Problems with internal dns

From: Ben Fowler <tech@dont-contact.us>
Date: Mon, 19 Jun 2000 00:24:27 +0100

I am finding it difficult to understand how to get the best from the internal
DNS functions in squid.

I am trying to achieve a number of goals with squid. Two of these are:

1) Set up a squid 2.3 to work well when I am not connected to the internet.
and,
2) Persuade a squid 1.2 to disgorge cached files.

It is not clear to me why squid is so bothered about looking up the IP address
for a requested URL. To my mind if the URL exists in the cache it could be
delivered to a User Agent (if necessary with a freshness reservation).

However I accept that squid does lookup up hostnames.

The internal dns system appears to have two serious problems.

1) It cannot look up unqualified names, exempli gratia 'squid-12',
which is a perfectly good hostname for one of my machines whose
FQHN is squid-12.local.domain.com . Since this machine
is used as a cache_peer, I can get round this problem by pretending that
cache_peers must be FQHNs; but the problem remains & I cannot look up
machines such as 'www-l' which is a local copy of my on-line server.
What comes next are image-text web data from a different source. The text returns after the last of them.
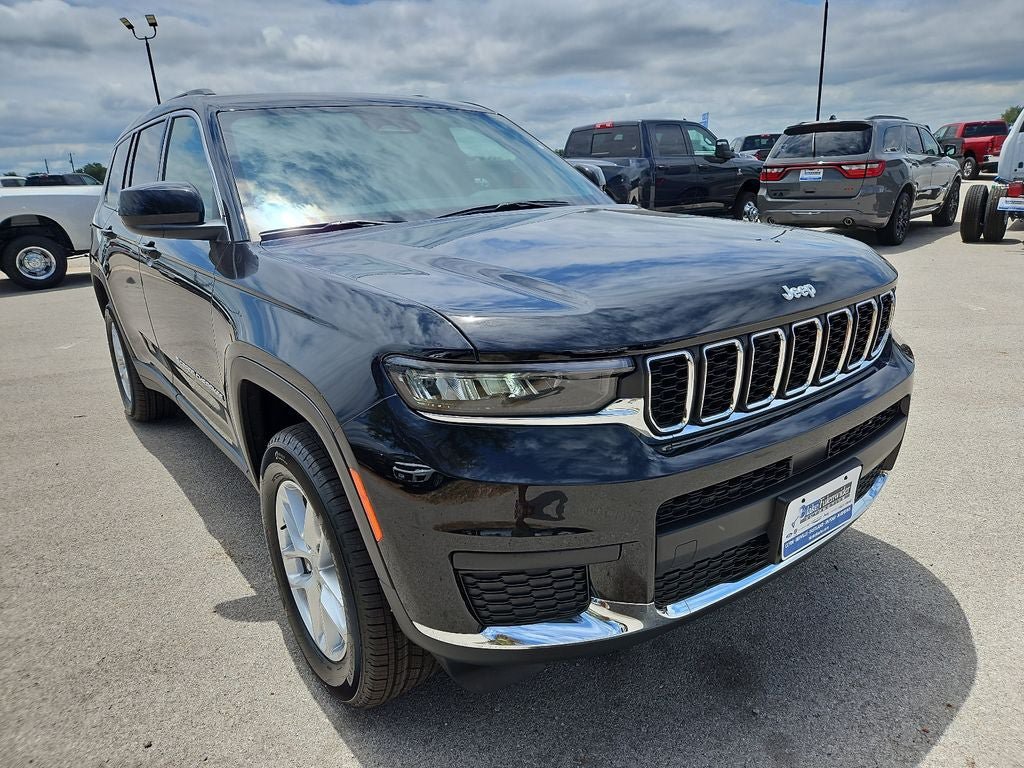 New 2026 Jeep Grand Cherokee L 2WD image 11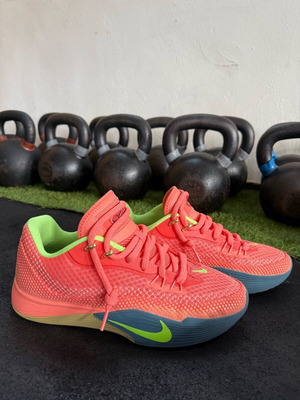 Nike Street Flare Wild Mango athletic shoes like new, size 44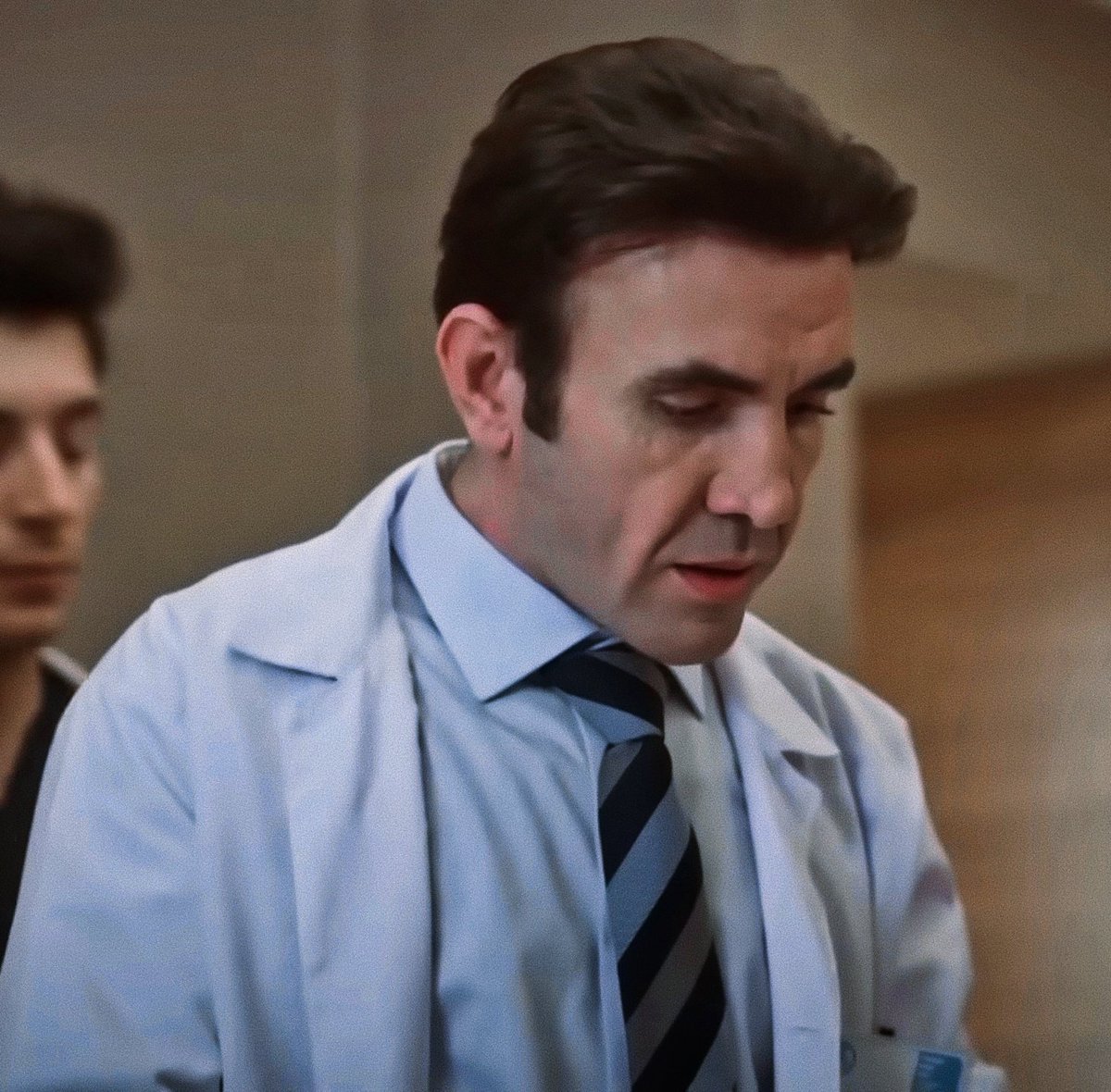 Kızlar ve 
Sevdiği dizi 
Karakterlerinin 
Alakasızlığı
2) It seems to be unable to choose which NS to use: My resolv.conf is
as follows,

>#
># /etc/resolv.conf
>#
># Automatically generated by SuSEconfig on Mon Jun 28 17:56:08 GMT 1999.
>#
># PLEASE DO NOT EDIT THIS FILE!
>#
># Change variables (NAMESERVER + SEARCHLIST) in /etc/rc.config instead.
>#
>#
>search local.domain.com
>nameserver 192.168.1.2
>nameserver 192.168.1.3
>nameserver 192.168.1.100
>
># speed things up for access to local web server
>www-l.domain.com 192.168.1.2
>
># Access to NFS when no nameserver running
>Whitelocks 192.168.1.2

(Note the search line which appears to be ignored by squid!)

The name servers are in the human logical order

         primary-dns.local.domain.com
         secondary-dns.local.domain.com
         farthermost-dns.local.domain.com

squid appears to put the name servers on a list and always(?) chooses the
last entry. Can you see why this is unfortunate?

Given the fact that it may be silly to modify one's resolv.conf to
accommodate squid, it might be a good idea for squid to use all name
servers in turn and keep a record of which responds fastest. bind does this
when it goes out to the root servers, for instance.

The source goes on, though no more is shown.